# Why PCA ?

In [None]:
!wget -q https://github.com/PSAM-5020-2025S-A/5020-utils/raw/main/src/data_utils.py

In [None]:
import matplotlib.pyplot as plt
import pandas as pd

from data_utils import PCA, StandardScaler, KMeansClustering, object_from_json_url

### Get Data

In [None]:
PENGUIN_URL = "https://raw.githubusercontent.com/PSAM-5020-2025S-A/5020-utils/refs/heads/main/datasets/json/penguins.json"
penguin_data = object_from_json_url(PENGUIN_URL)

penguins_df = pd.DataFrame.from_records(penguin_data)
penguins_df

### Penguin Example

Explore the penguin data.

Let's encode the species column into integers.
It's a simple encoding, so we can just do it manually using a function and the `DataFrame.apply()` command.

In [None]:
species = list(penguins_df["species"].unique())

def species_to_label(s):
  return species.index(s)

penguins_df["label"] = penguins_df["species"].apply(species_to_label)

display(penguins_df)
penguins_df.shape

### Scale

In [None]:
# TODO: Scale data

### Covariances

If we're trying to get some insight into our data, we can look at covariance tables and some plots.

Now that we have scaled data we can look at covariance tables.

In [None]:
# TODO: Look at covariances

In [None]:
# Get 2 or 3 most related features with idxmax()
p_cov = penguins_scaled_df.cov()
p_cov[p_cov == p_cov.max(axis=1)] = 0

display(p_cov)
p_cov.abs().idxmax()

### Separate Features

In [None]:
# TODO: Separate features from the scaled full DataFrame

### Plot the Data

We can look at plots of the most correlated features, and of all of the possible pairs of features.

In [None]:
print("TOP FEATURES")
# TOP CORRELATED FEATURES

# TODO: Add the 2 most correlated features here
top_features = []

for i,cx in enumerate(top_features):
  for j,cy in enumerate(top_features):
    if j > i:
      plt.scatter(penguins_features_df[cx], penguins_features_df[cy], c=penguins_df["label"])
      plt.xlabel(cx)
      plt.ylabel(cy)
      plt.show()

print("ALL FEATURES")
# ALL FEATURES
for i,cx in enumerate(penguins_features_df.columns):
  for j,cy in enumerate(penguins_features_df.columns):
    if j > i:
      plt.scatter(penguins_features_df[cx], penguins_features_df[cy], c=penguins_df["label"])
      plt.xlabel(cx)
      plt.ylabel(cy)
      plt.show()

### PCA

The plots tell us a lot, but information is spread through many images.

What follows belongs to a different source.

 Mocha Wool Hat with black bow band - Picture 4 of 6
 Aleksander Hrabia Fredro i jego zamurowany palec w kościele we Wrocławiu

The top-correlated features actually make it hard to see the separation between $2$ of the species of penguins.

We can try to simplify how we visualize this data by performing `PCA` and combining some of the original features into _principal components_.

In [None]:
# TODO: create PCA with 3 components

# TODO: fit+transform

# TODO: look at explained variance

### Covariances Again

Can look at covariance table of the `PCA` data.

In [None]:
# TODO: Look at covariance of PCA data

Hmmm... the covariances of the `PCA` data look strange...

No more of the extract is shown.